I'm working on a Glue ETL Job that basically reads a dataframe in Pyspark and should output data in XML Format. I've searched a lot for the solution and the code fails at the particular write statement shown below:
df.write.format('com.databricks.spark.xml').options(rowTag='book', rootTag='books').save('newbooks.xml')

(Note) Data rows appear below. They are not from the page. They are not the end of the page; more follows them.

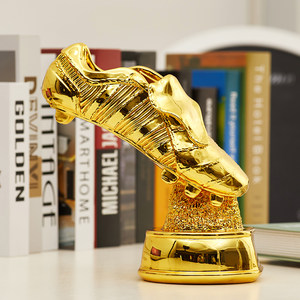 足球金靴奖杯模型家居饰品工艺品客厅酒吧会所摆设球迷生日礼物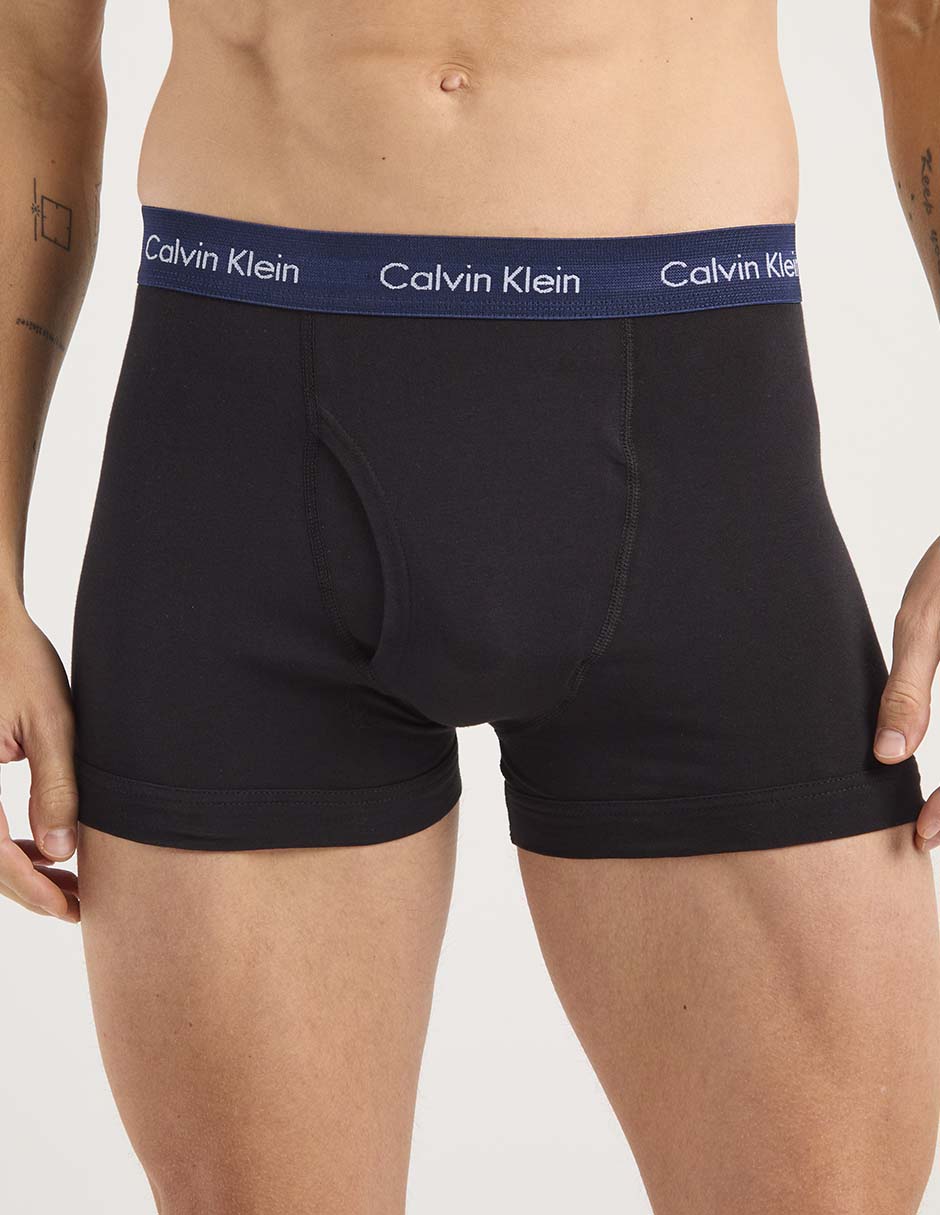 Set bóxer trunk de algodón para hombre 2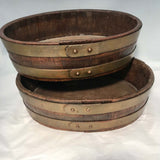 Pair of George III English Coopered Oak Oyster Buckets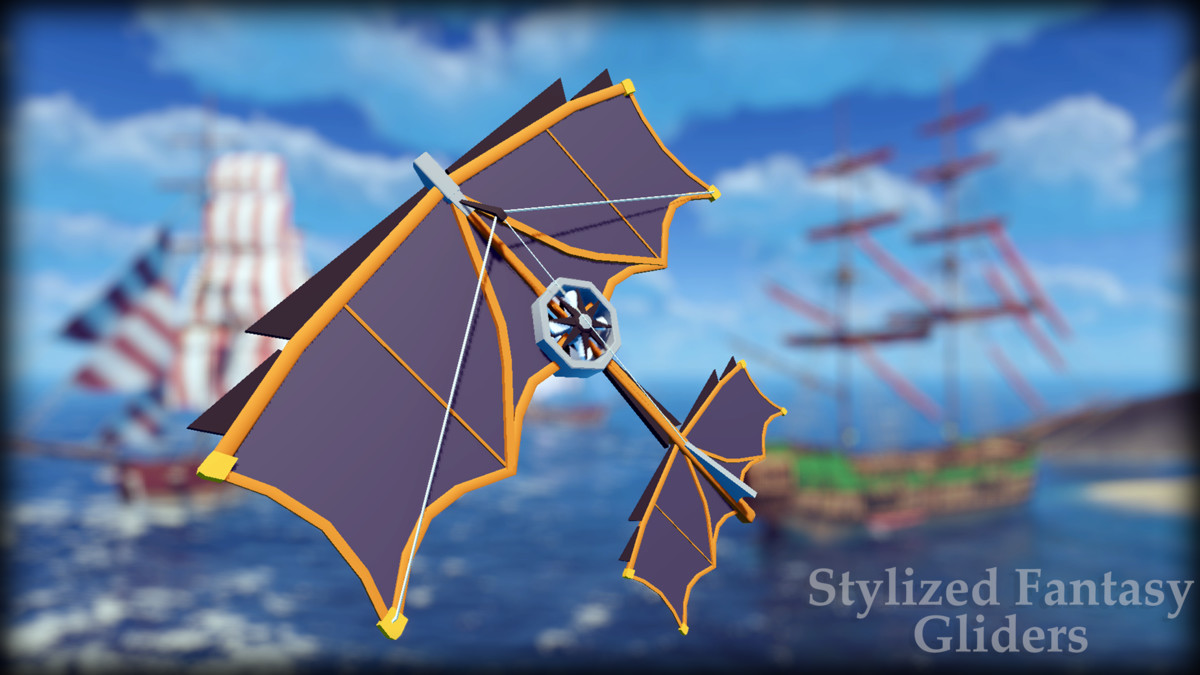 Stylized Fantasy Gliders - By Yorakeys
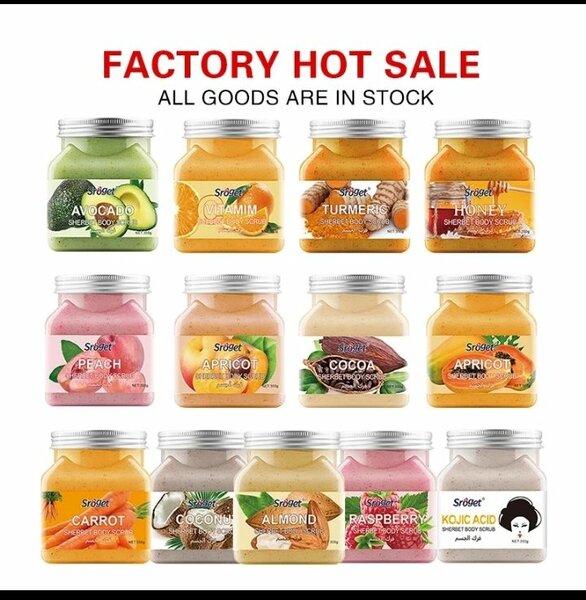 Gommage corporel varié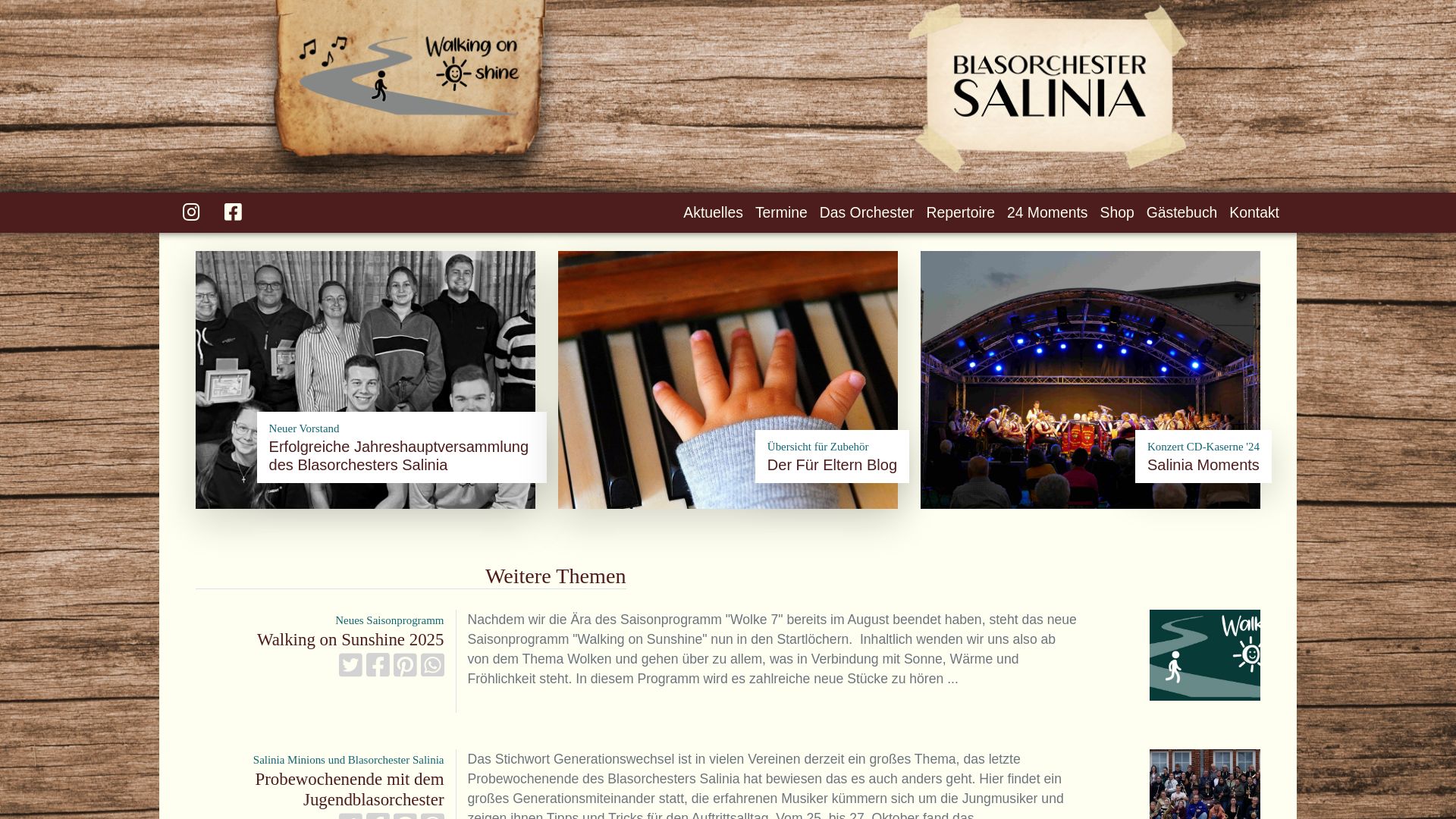 вебсайт salinia.de Є   ONLINE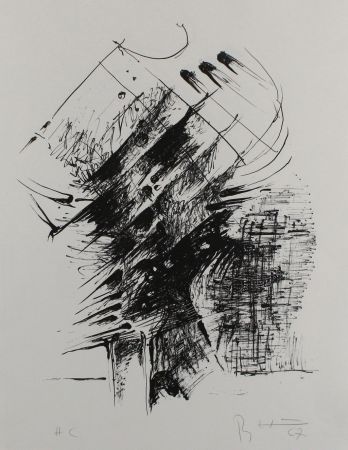 Lithographie Heiliger - Komposition IV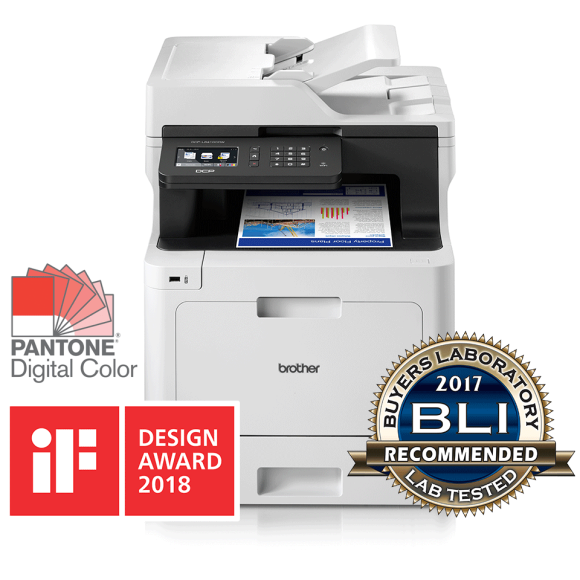 Kolorowe urządzenie laserowe Brother DCP-L8410CDW - 3 lata Gwarancji  - wysyłka w 24H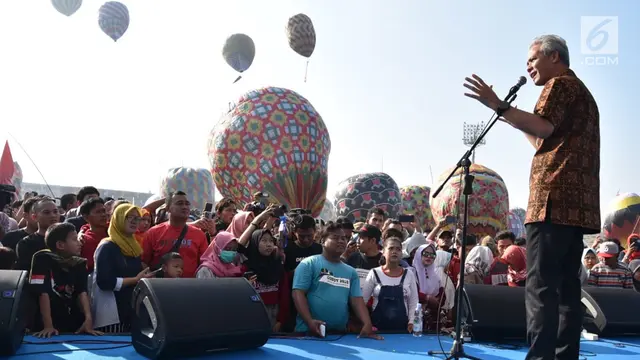 105 Peserta Ikuti Java Balon Festival di Pekalongan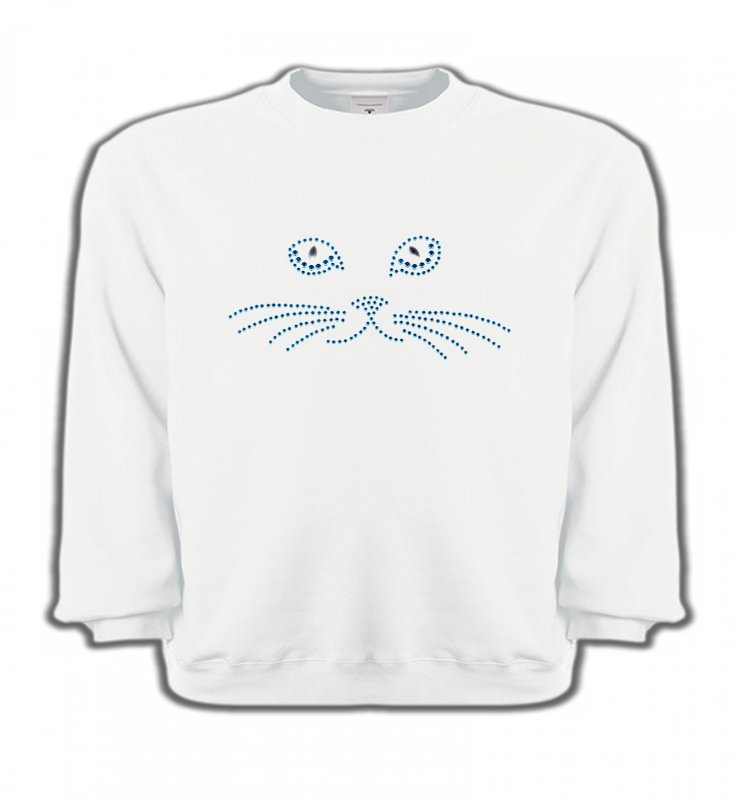 Sweatshirts Enfants Races de chats Strass Chat bleu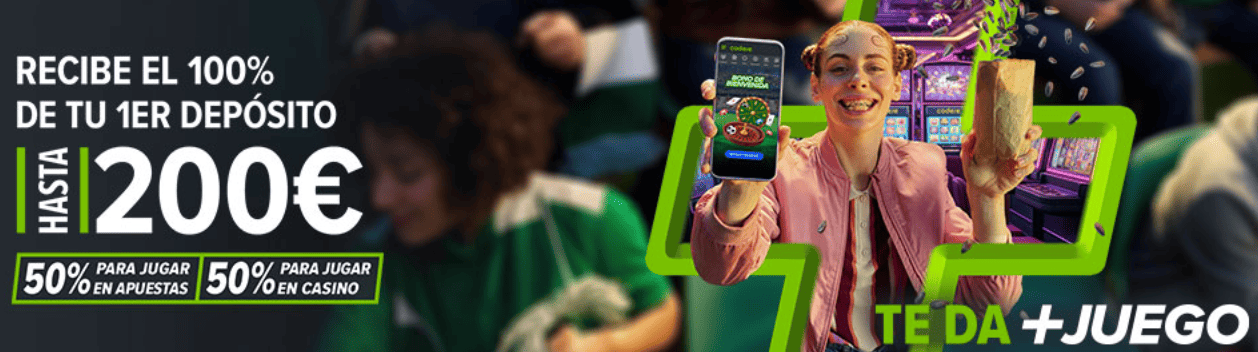 Codere bono de bienvenida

The Glue Version I'm currently using is Glue 3.0 - Spark 3.1, Scala 2 and Python 3. Since I'm trying to use the Spark-XML library I have tried including the following jars as dependents in the Glue Script:
spark-xml_2.10-0.3.5,
spark-xml_2.11-0.7.0,
spark-xml_2.12-0.14.0,
spark-xml_2.13-0.14.0
The different errors I'm seeing with different versions are as follows:
An error occurred while calling o92.save. java.lang.NoClassDefFoundError: scala/runtime/java8/JFunction0$mcD$sp
An error occurred while calling o95.save. java.lang.RuntimeException: java.lang.ClassNotFoundException: Class org.apache.hadoop.mapred.DirectOutputCommitter not found
An error occurred while calling o95.save. scala/$less$colon$less
I've found a similar question posted previously by someone else and tried those approaches and they don't seem to work anymore. Has someone faced a similar issue recently? If yes, can you shed some light on the resolution?